But my concern is, how do you have any clue what the different clusters actually mean? I.e. you care about the low-income high-price-sensitivity cluster, but is it 1.21231 or 3.123132... :| Maybe I just don't understand enough about the output of clustering :)

fjab commented 7 years ago

Graphical representation would help immensely of course. But let's say you cluster in two dimensions, price sensitivity P and income I, and you set K=3, then I presume you get three clusters, the centroid of one will be low P & high I ("low" and "high" depending on your input range). Then you name that cluster "whales".

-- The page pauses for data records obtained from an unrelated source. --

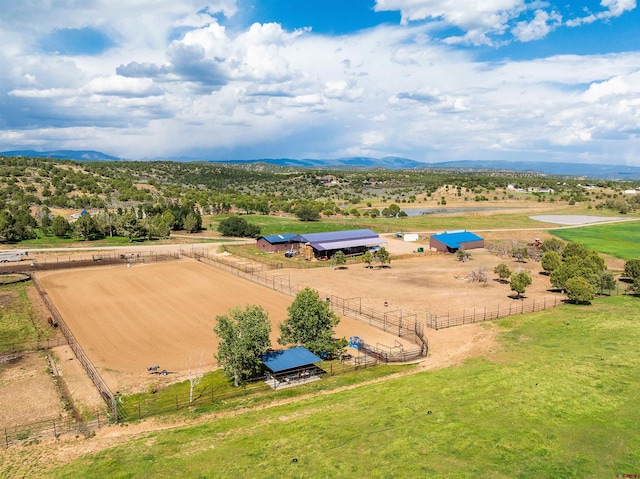 bird's eye view featuring a mountain view and a rural view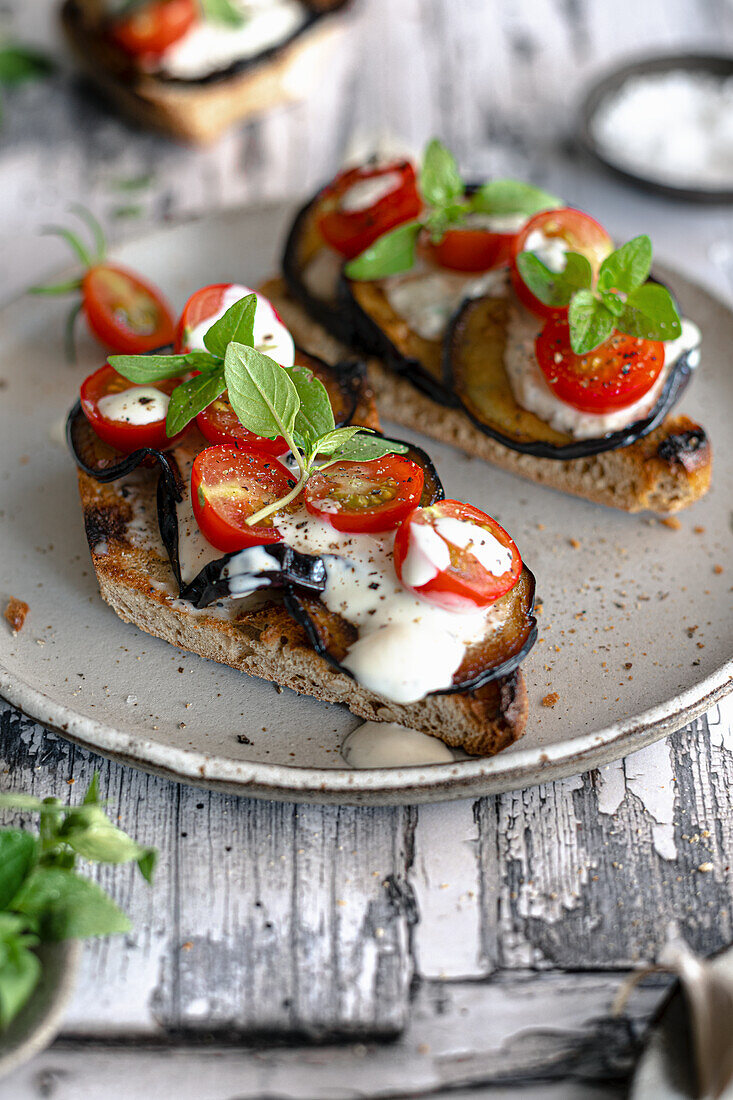 Bruschetta with eggplant, tomatoes, and yogurt dressing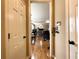 Open-concept living room view showcases the beautiful hardwood floors and access to the kitchen at 2585 Chandler Grove Dr, Buford, GA 30519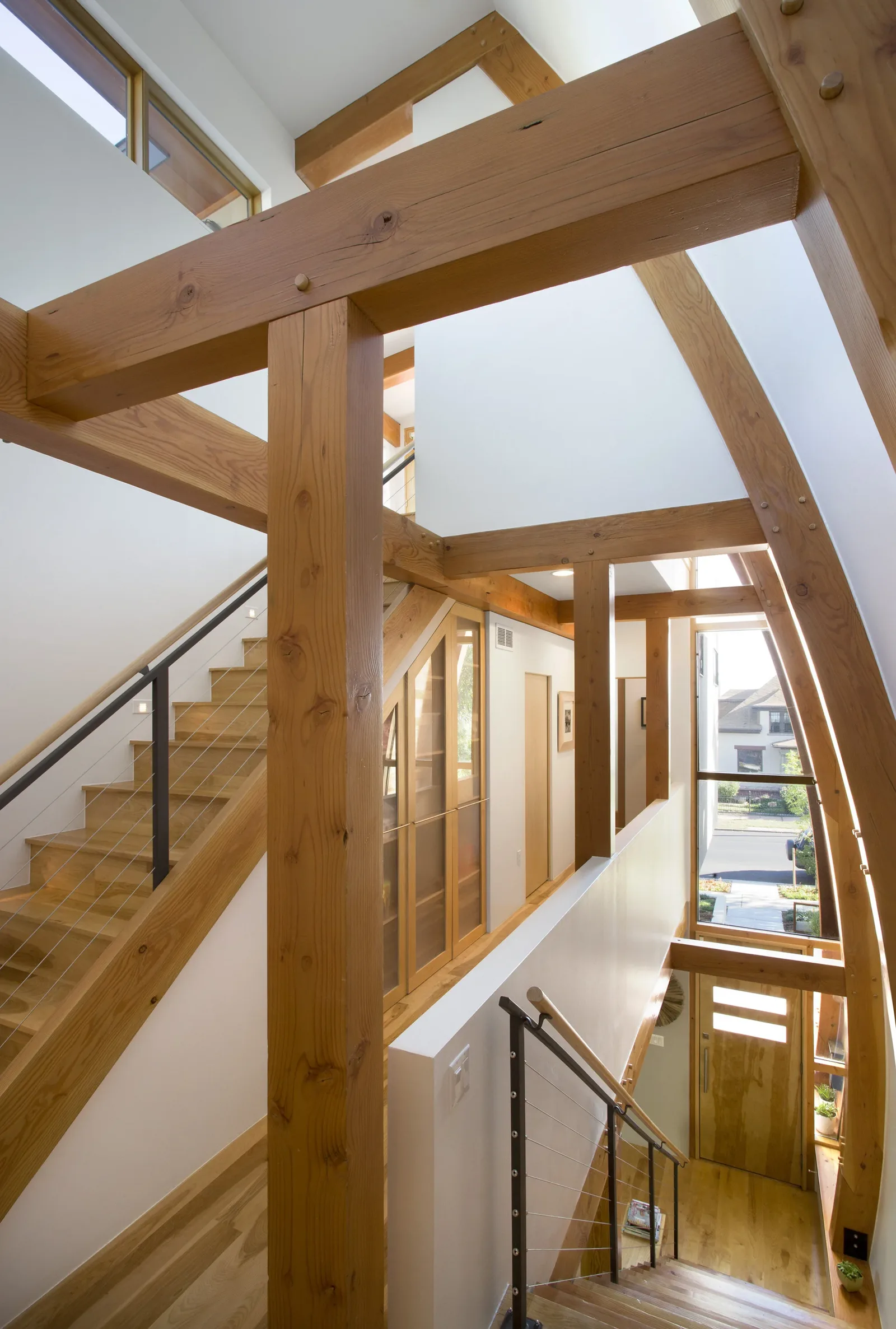 View of the stairwell showcasing exposed wood beams and natural light from the entry window.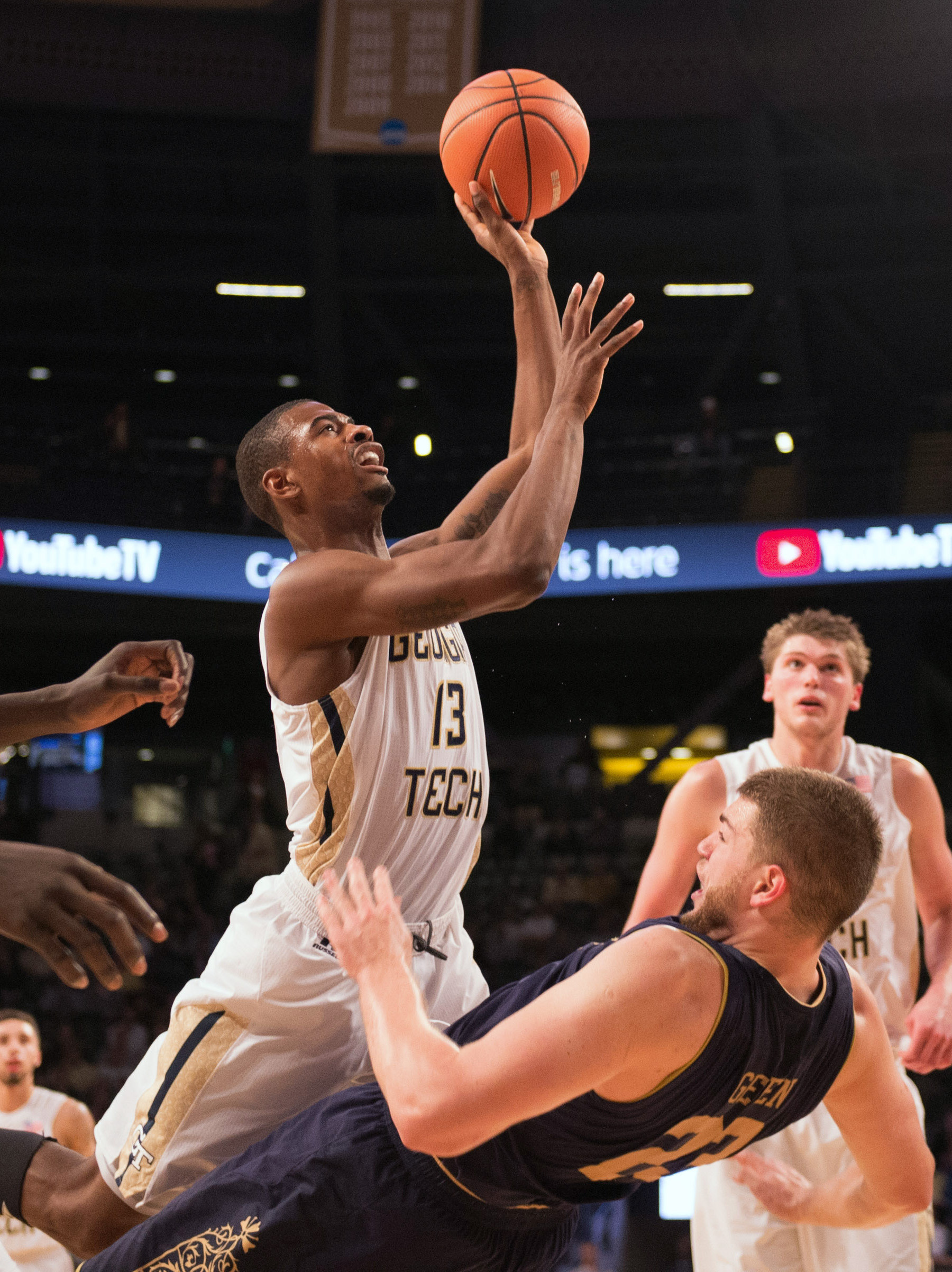 Jan 10, 2018; Atlanta, GA, USA; Georgia Tech Yellow Jackets guard Curtis Haywood II (13) goes against Notre Dame Fighting Irish forward Martinas Geben (23) during the first half at McCamish Pavilion. Mandatory Credit: Adam Hagy-USA TODAY Sports
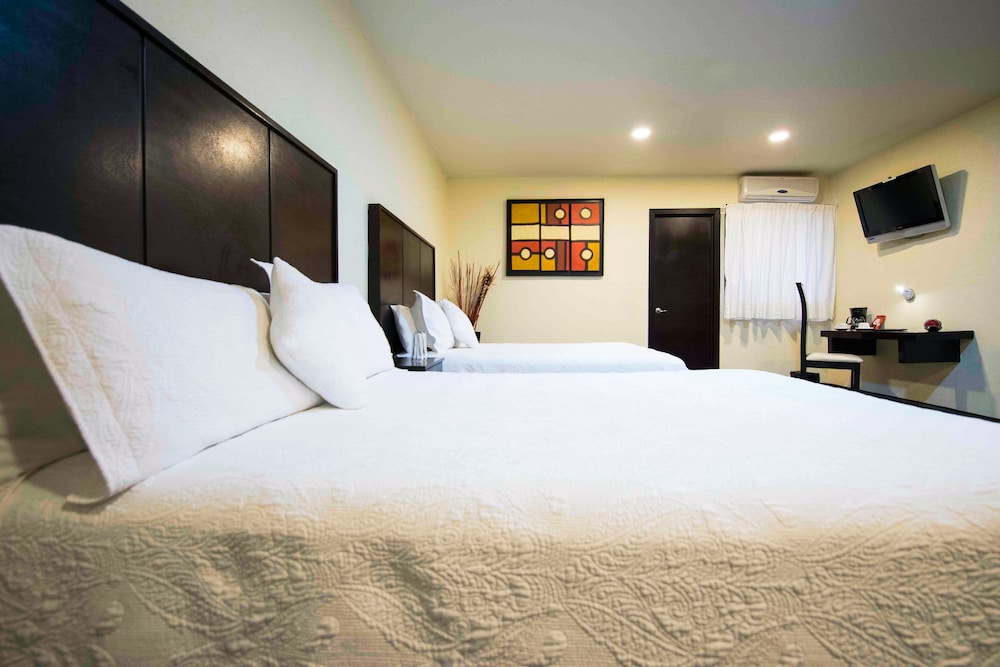 Imagen de la habitación del Hotel Wyndham Garden Aguascalientes Hotel & Casino. Foto 5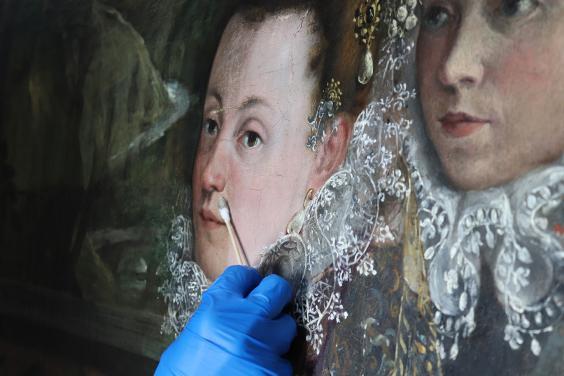 Close-up view of a blue-gloved hand wiping an oil painting of two women's faces.ing cotton swabs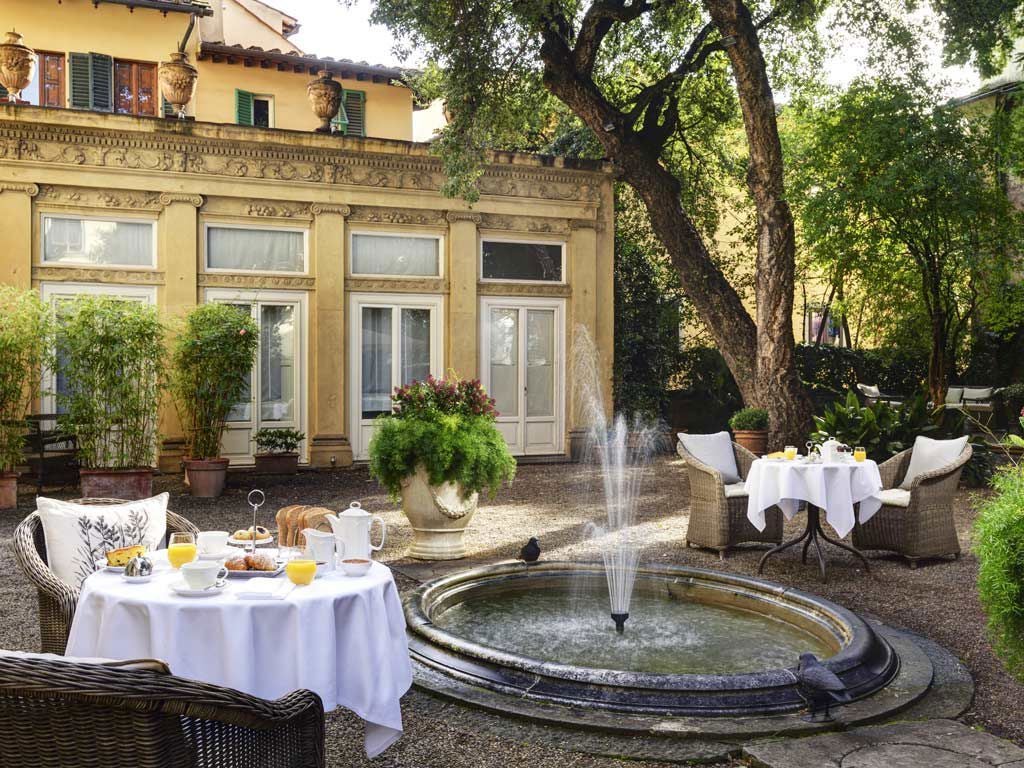 Elegant historic Palazzo di Camugliano in Tuscany, with ornate frescoed interiors, antique furnishings, and soft natural light streaming through grand windows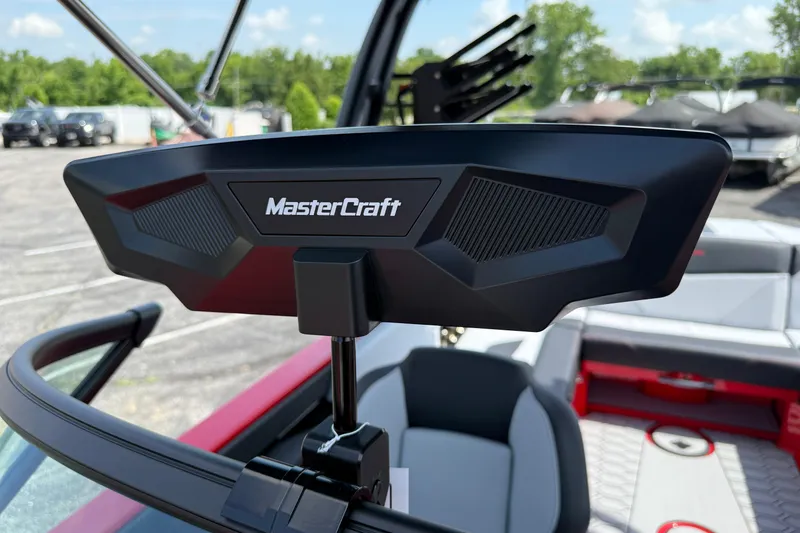 Slide: The Image of 2025 MasterCraft NXT24 boat interior with rearview mirror, showcasing sleek design and seating. - 36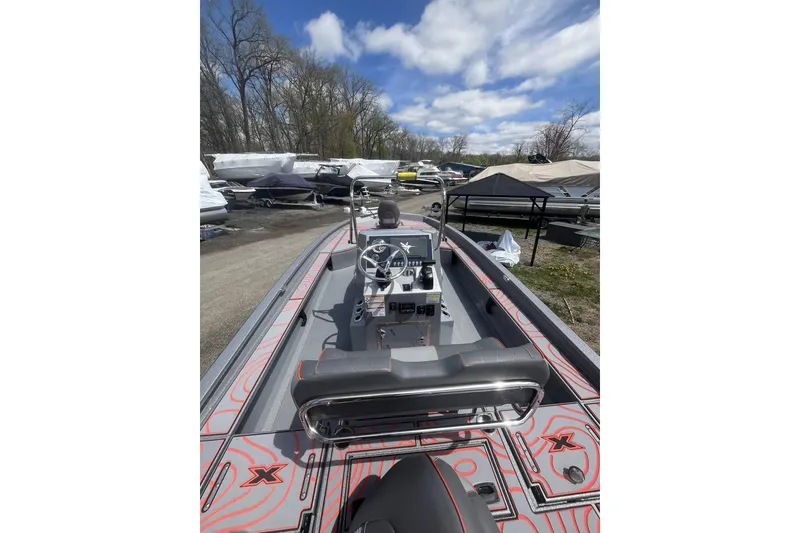 Slide: The Image of 2025 Xpress X23B Bay Lounge boat with sleek design, parked outdoors under blue sky. - 6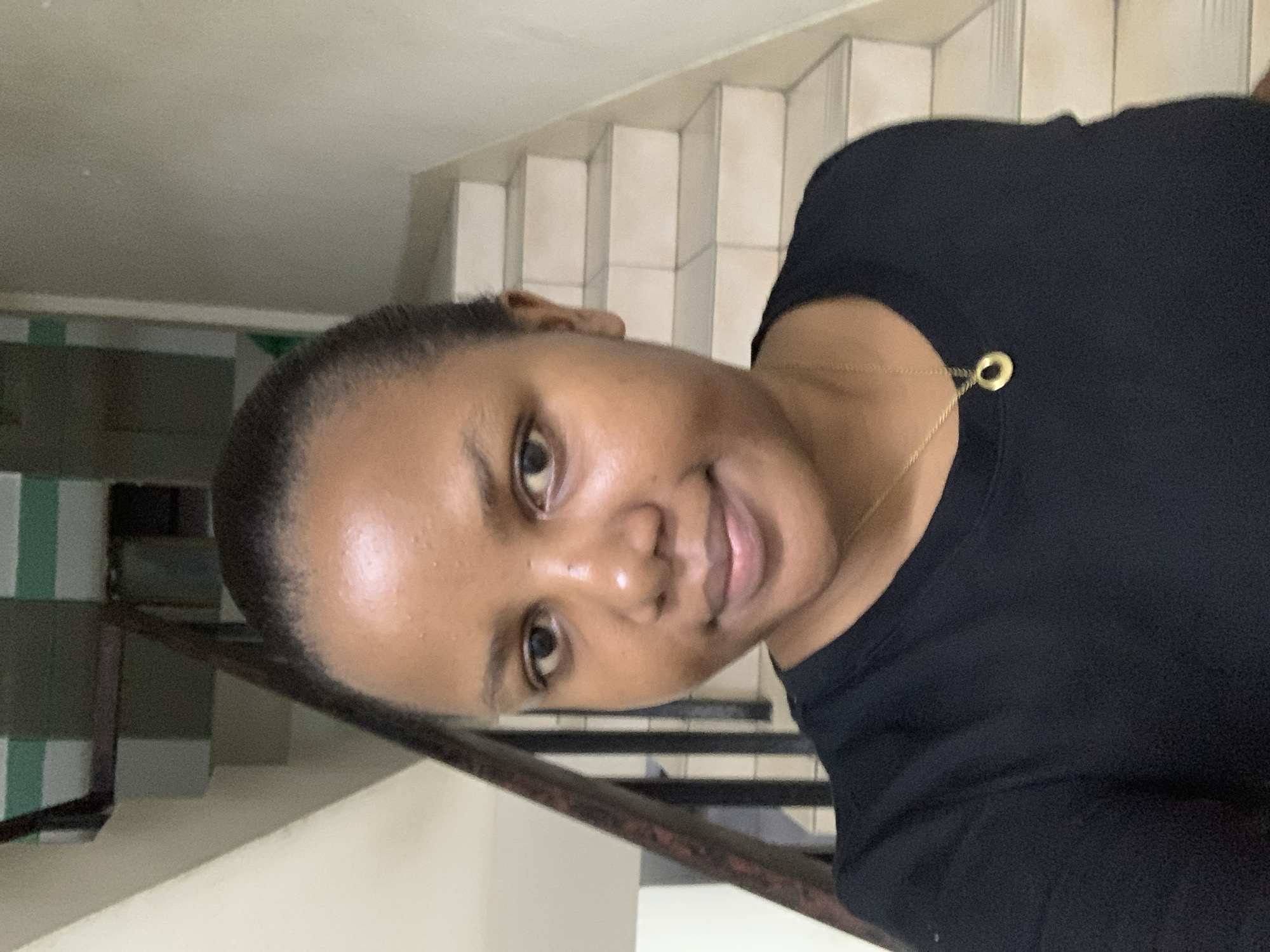 A young, dark-skinned woman wearing a black top and a gold necklace is indoors. The background features a staircase with off-white tiled steps. A railing with black bars is also visible. The location appears to be a residential building. It is not possible to determine the city of Dar es-Salaam, Tanzania from the given image.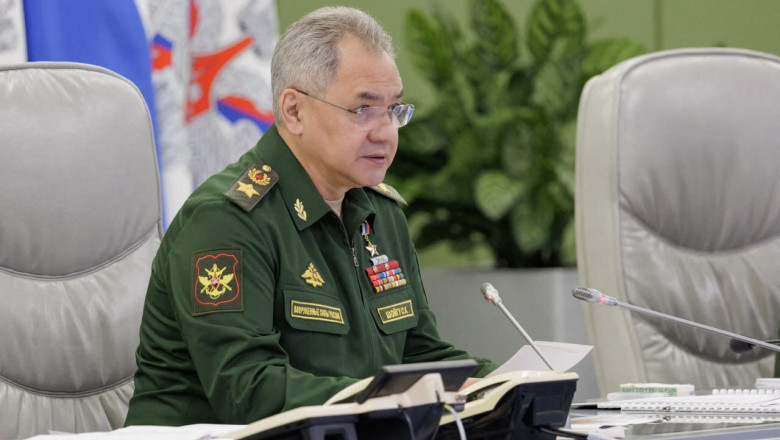 Russian Defense Minister Sergey Shoigu speaks in uniform during a conference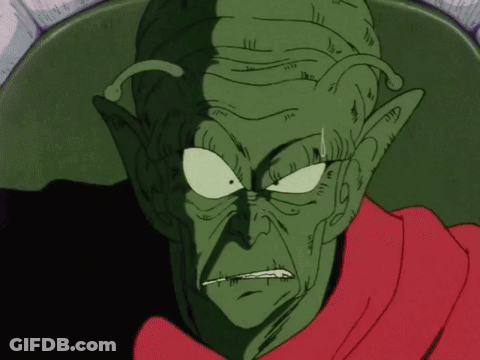 Angry Green Cartoon Character With Red Scarf GIF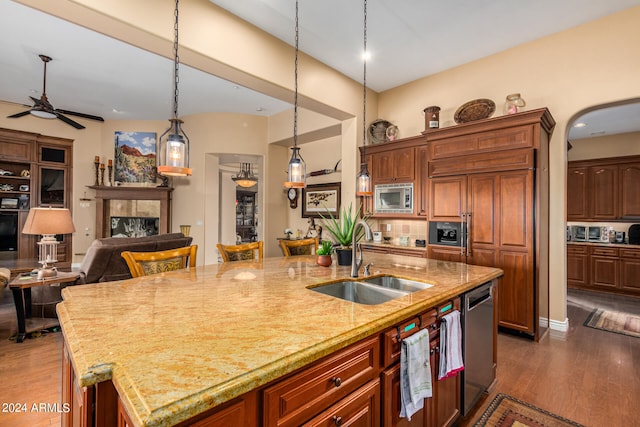 kitchen with appliances with stainless steel finishes, a fireplace, hardwood / wood-style flooring, and a center island with sink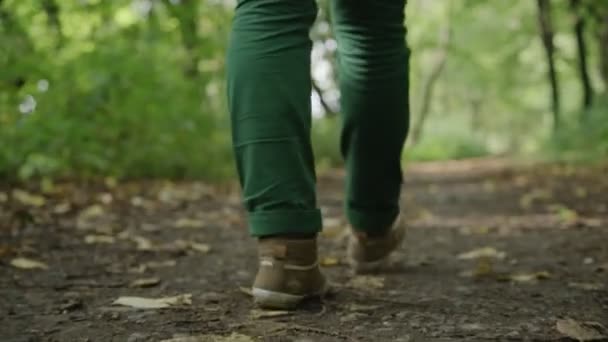 Τα πόδια του μια νεαρή κοπέλα που πηγαίνει μακριά, πράσινο τζιν και αθλητικά παπούτσια - Πλάνα, βίντεο
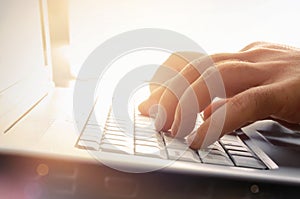 Mans hands typing on laptop keyboard photo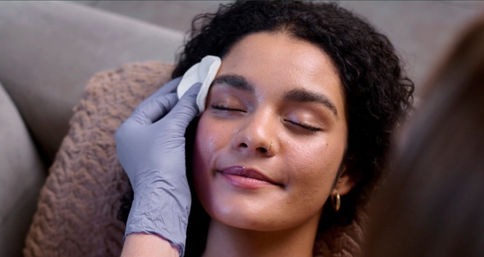 Relaxed woman with eyes closed receiving a spa facial cleansing from a gloved esthetician using a cotton pad — skincare treatment.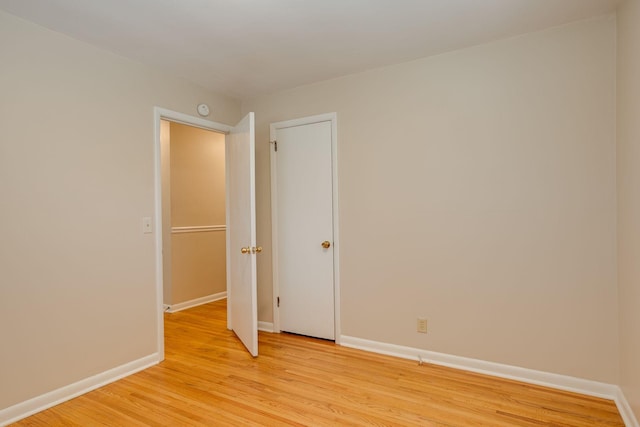 spare room with baseboards and light wood-style floors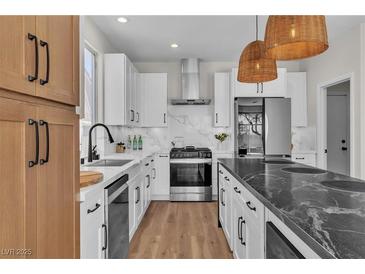Modern kitchen features stainless steel appliances, white cabinets, and a marble backsplash at 1551 Boundary Peak Way, Las Vegas, NV 89135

/edit: In Paul's output above, of corse you don't actually see the centroids of the clusters. Probably I have not enough clue either about what the algorithm does actually output, but certainly the centroids are one of the results.

yoid2000 commented 7 years ago

Great thread guys. In my output, you would see the centroids of the clusters, and other statistics of each cluster (number of users, mainly). Given this output, the analyst could play around and produce clusters he likes.

But yes being able to then use these in subsequent queries is a great idea! Very cool...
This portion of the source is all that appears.